The Innocents Abroad by Mark Twain

Excerpted from an article in Magill’s Survey of American Literature, Revised Edition

First published: 1869

Type of work: Travel literature

The Work

It must have seemed a clever idea to send a popular young comic journalist on a tour with a boatload of prominent citizens in order to record, as The Innocents Abroad did, the day-to-day experience of Americans having a good time in the exotic old countries. When the book came out, however, the reaction was not entirely favorable. Twain had confirmed what every American already knew—that Europe was terribly run-down and was greedy for the dollars of rich Americans. He also suggested that the Americans often made fools of themselves and quite as often were downright vulgar—thereby confirming what Europeans already knew about America.

Obviously someone had misjudged Mark Twain when he was sent on the trip. His career as a literary figure was in its infancy, and he had yet to write a novel, but there was surely sufficient evidence in his newspaper work and in his short stories that he had a gift for satire that was barely controlled and that he was not quite as refined in his literary conduct as might have been expected from an East Coast journalist. He was, in short, not always as fastidious in his work as might have been expected, and this book, certainly one of the funniest (and sometimes satirically savage) works in the travel genre was to offend at the same time that it added to his reputation as a writer of promise.

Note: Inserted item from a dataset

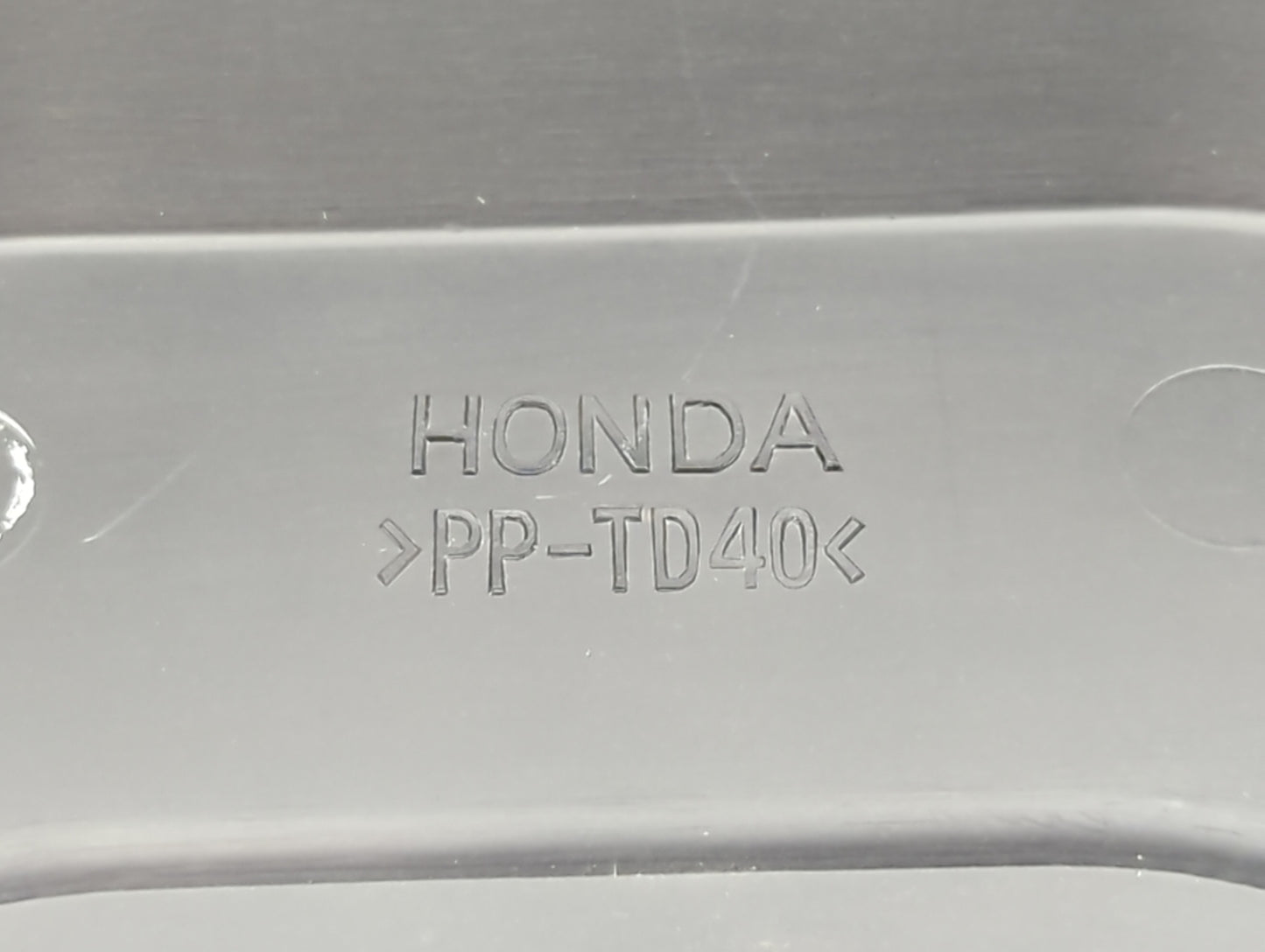 2000 Honda Odyssey Engine Cover - Oemusedautoparts1.com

The book can also be seen as an interesting anticipation of a theme that Twain is to use over and over again: the confrontation between liberal, nineteenth century ideas of politics and society with the old, sometimes savage conservatism of the Old World. The latter problem is to be used in The Prince and the Pauper, in which the concern for humanity and for fair treatment of citizens is manifested in the conduct of both the prince and the pauper. It becomes even more central in the later work A Connecticut Yankee in King Arthur’s Court, where a nineteenth century American finds himself in a position of power and attempts to put his ideas about society, politics, and commerce into action—with sometimes comic but often dangerously disastrous results.

Most obvious, and perhaps most enjoyable from an American point of view, are Twain’s astringently funny comments upon the limitations of European civilization. He sees how quick the Europeans and the Near Eastern citizens are to take advantage of the Americans, who are open and generous in their curiosity. He has an amusing running joke about guides who may change throughout the tour but have a kind of obvious sameness in their determination to make a meal out of the Americans. They give very little in return, usually because they hardly have any idea what they are talking about.

Twain is weakest, as he freely admits, in dealing with the art and architecture of the old countries, and he is often surprisingly insensitive, revealing himself as vulnerable to the charge that he is occasionally as stupidly stubborn as his fellow travelers. Yet that revelation gives the book a credibility which helps to keep it from becoming a tedious listing of constant complaint. It often breaks out into first-class description, particularly if Twain is moved by a scene, but its main line is that of slippery comic comment upon the discomfort of travel.

The Holy Land, in particular, fires the greatest enthusiasm in Twain and some of the most pungent complaint, caused in part by the difficulties of travel in the barren landscape. The Christian history of that area is most interesting to Twain and his fellow travelers, but Twain, who usually maintains a pose of amused indifference, is enraged by the commercialization of the biblical sites. From early in the tour there is a line of anticlerical comment which can become sharply splenetic, particularly if the Roman Catholic Church is involved.

Twain’s reaction to the tawdry, profit-making manipulation of the Christian mystery was enjoyed by his American readers, but he was not afraid to suggest that Americans on the road could also be less than admirable. He could be sharply disdainful of how his fellows flashed their money, their fractured French, and, particularly, their hammers, chipping away at any monument, however sacred, that might come under their hands. Much of this is funny, and that was expected of Twain, but it can involve a strong satiric bite; Twain can be irascible. He refuses to stay within the confines of the genial, romantic idea of what a travel book “should” be.

He is often very good at showing what the foreign landscape looks like, but what really interests him is how human beings live and what the political, social, and physical implications are of the long histories of great civilizations, now less powerful and somewhat tattered and torn. Most to the point, he is fascinated by how people respond to tourists, how the experience seems to bring out the worst in both parties. He plays fair here, revealing that if the natives are often on the cheat, the Americans, acting thoughtlessly and sometimes stupidly, just as often deserved to be fleeced.